» About this task
An exact restatement of all the data is required, with the pictures left out.

» Short descriptive text snippets
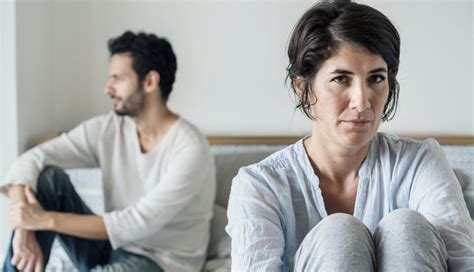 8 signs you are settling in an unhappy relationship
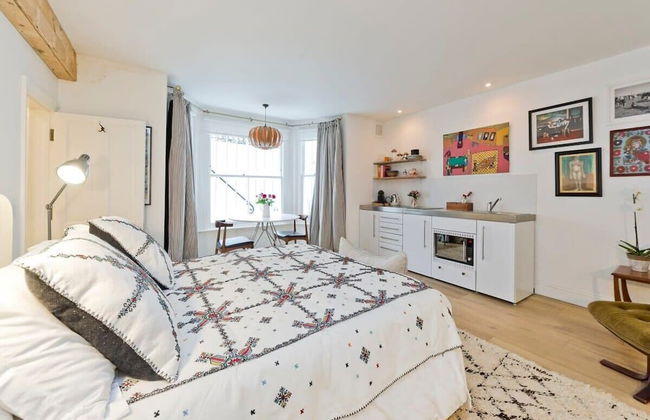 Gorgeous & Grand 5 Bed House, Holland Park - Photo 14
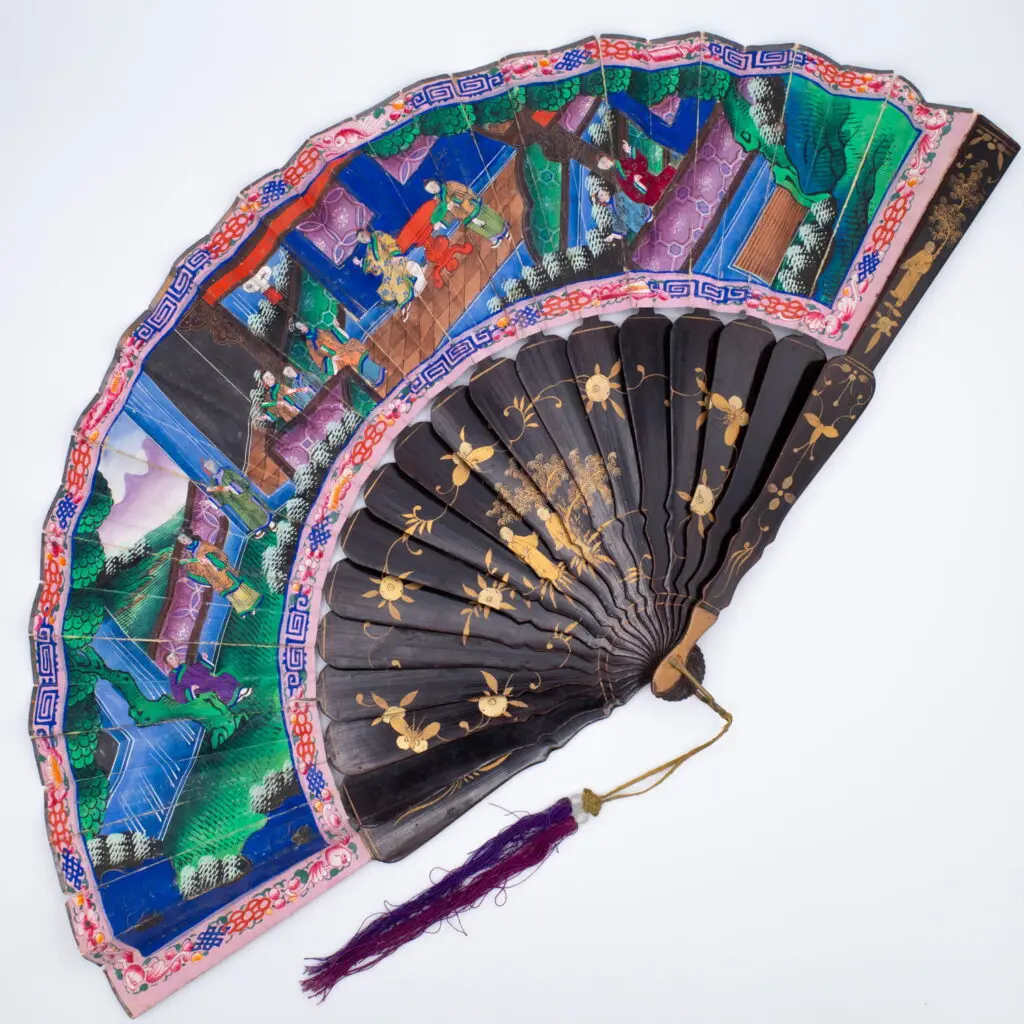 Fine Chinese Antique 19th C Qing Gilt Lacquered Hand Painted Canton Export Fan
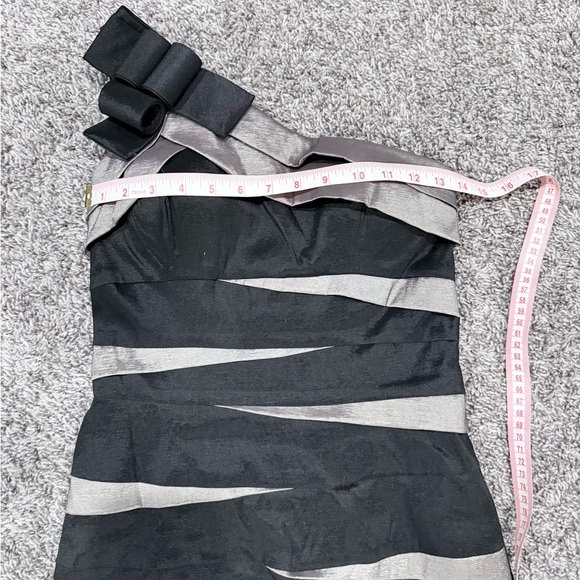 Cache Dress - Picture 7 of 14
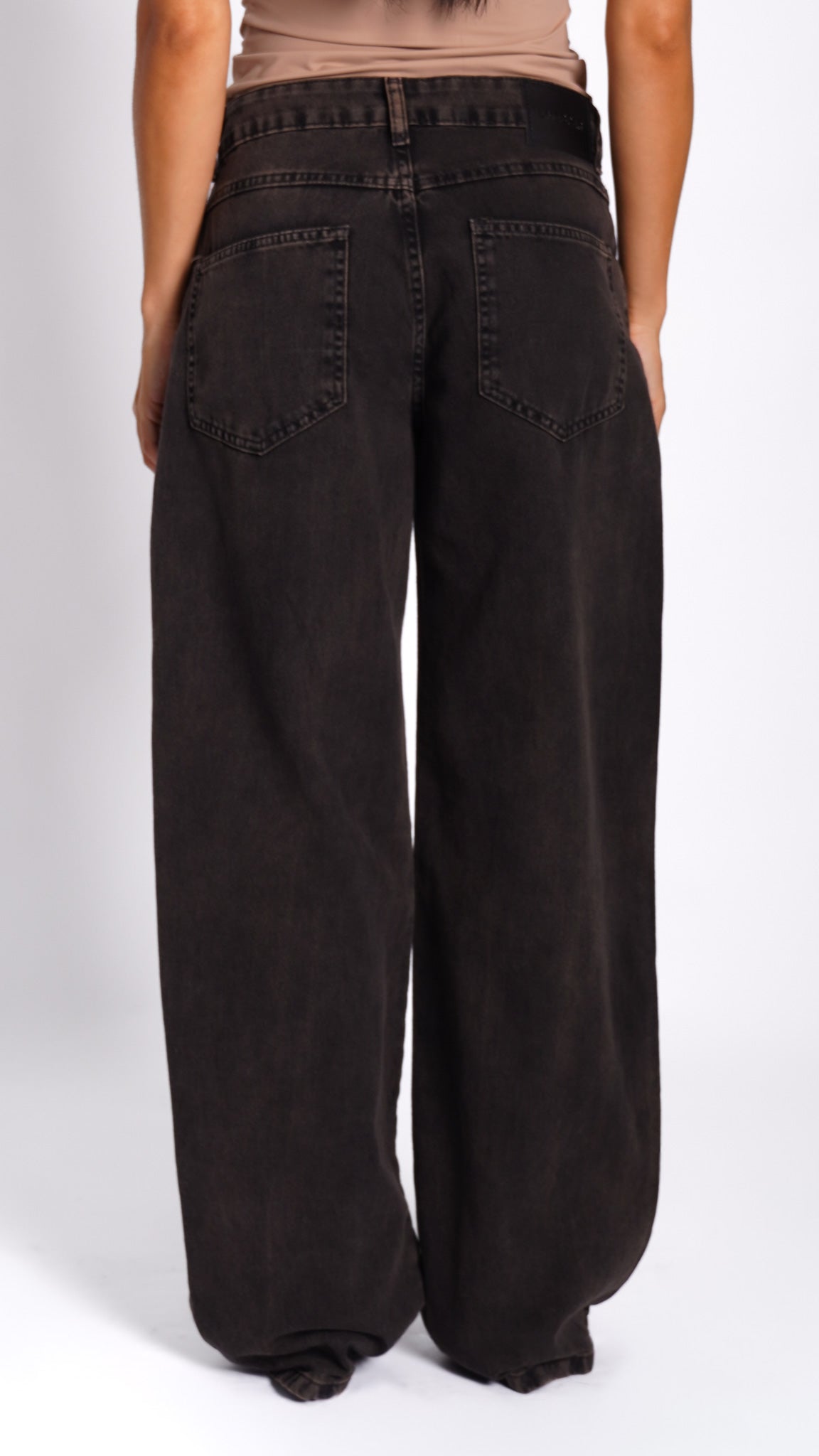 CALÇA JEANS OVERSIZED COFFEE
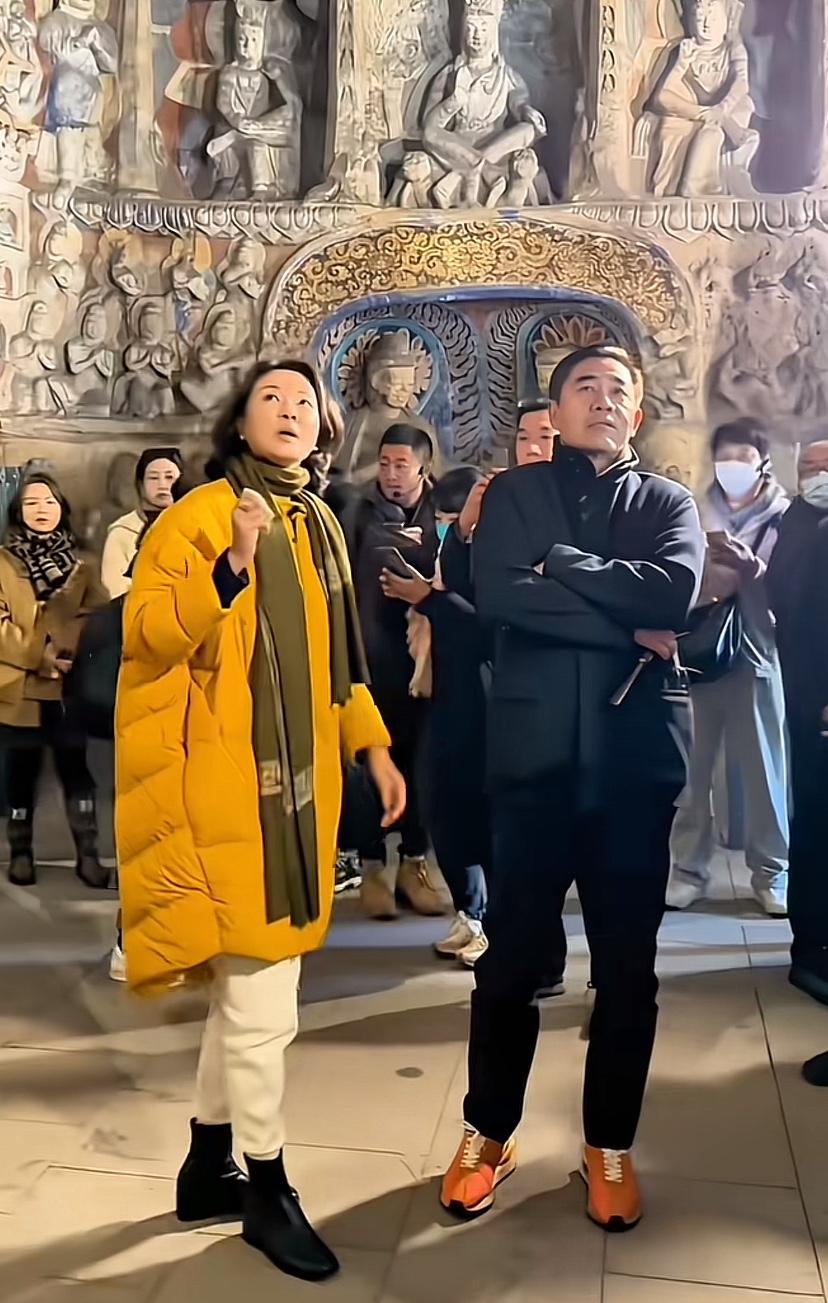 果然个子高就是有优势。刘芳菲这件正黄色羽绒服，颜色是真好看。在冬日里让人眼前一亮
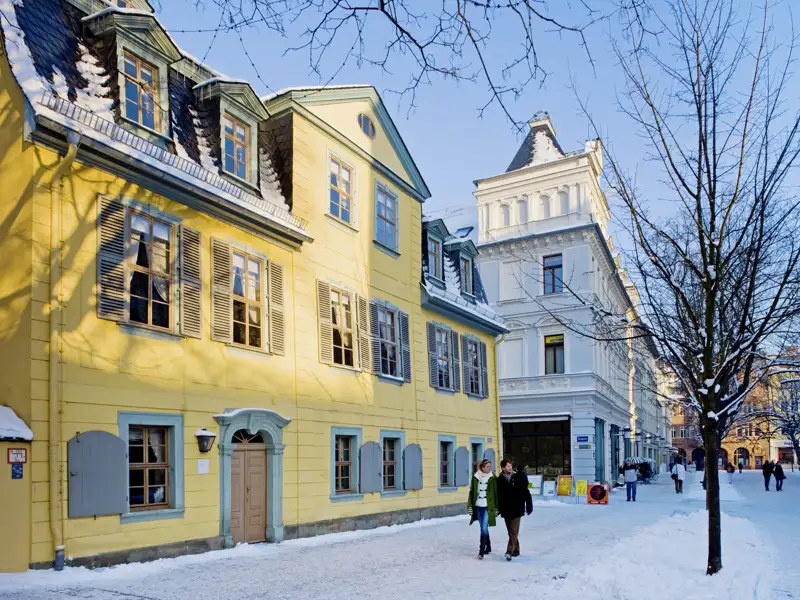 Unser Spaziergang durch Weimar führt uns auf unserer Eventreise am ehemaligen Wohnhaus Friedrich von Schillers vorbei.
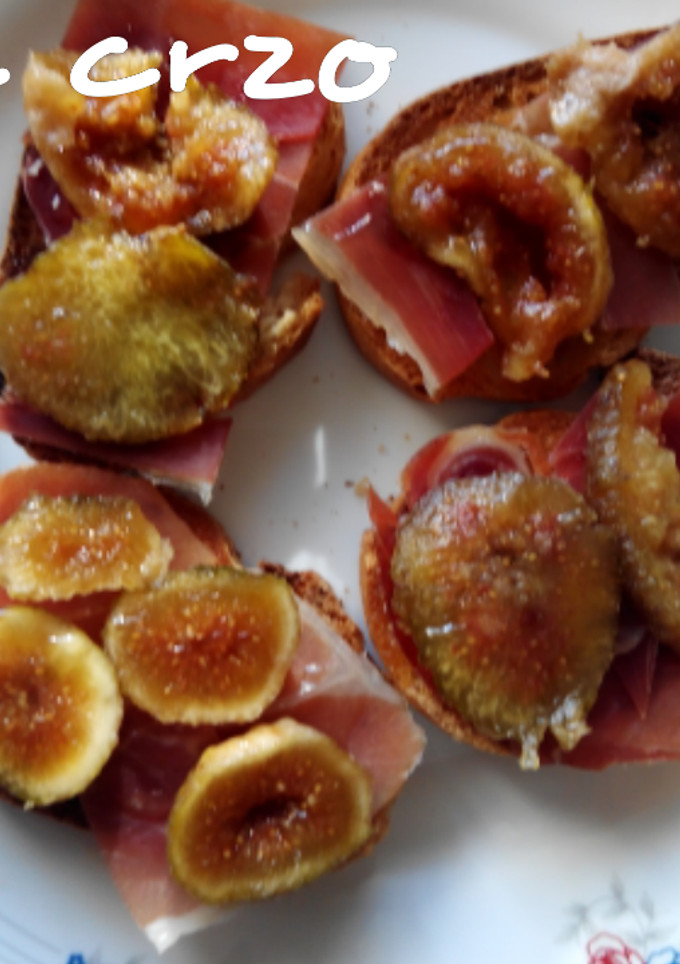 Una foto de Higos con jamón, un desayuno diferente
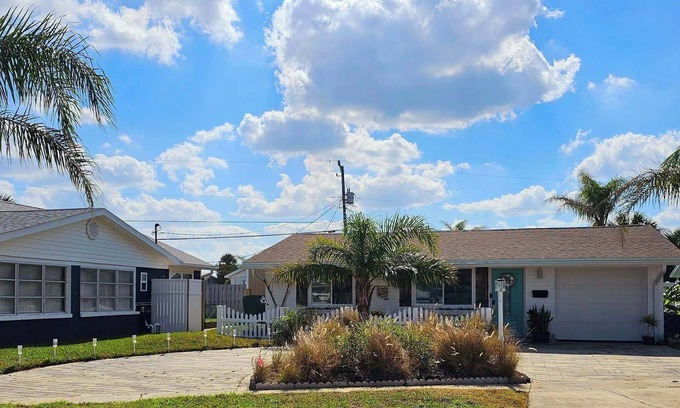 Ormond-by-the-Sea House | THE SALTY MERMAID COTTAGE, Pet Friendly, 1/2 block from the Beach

» Problem solution
 8 signs you are settling in an unhappy relationship
 Gorgeous & Grand 5 Bed House, Holland Park - Photo 14
 Fine Chinese Antique 19th C Qing Gilt Lacquered Hand Painted Canton Export Fan
 Cache Dress - Picture 7 of 14
 CALÇA JEANS OVERSIZED COFFEE
 果然个子高就是有优势。刘芳菲这件正黄色羽绒服，颜色是真好看。在冬日里让人眼前一亮
 Unser Spaziergang durch Weimar führt uns auf unserer Eventreise am ehemaligen Wohnhaus Friedrich von Schillers vorbei.
 Una foto de Higos con jamón, un desayuno diferente
 Ormond-by-the-Sea House | THE SALTY MERMAID COTTAGE, Pet Friendly, 1/2 block from the Beach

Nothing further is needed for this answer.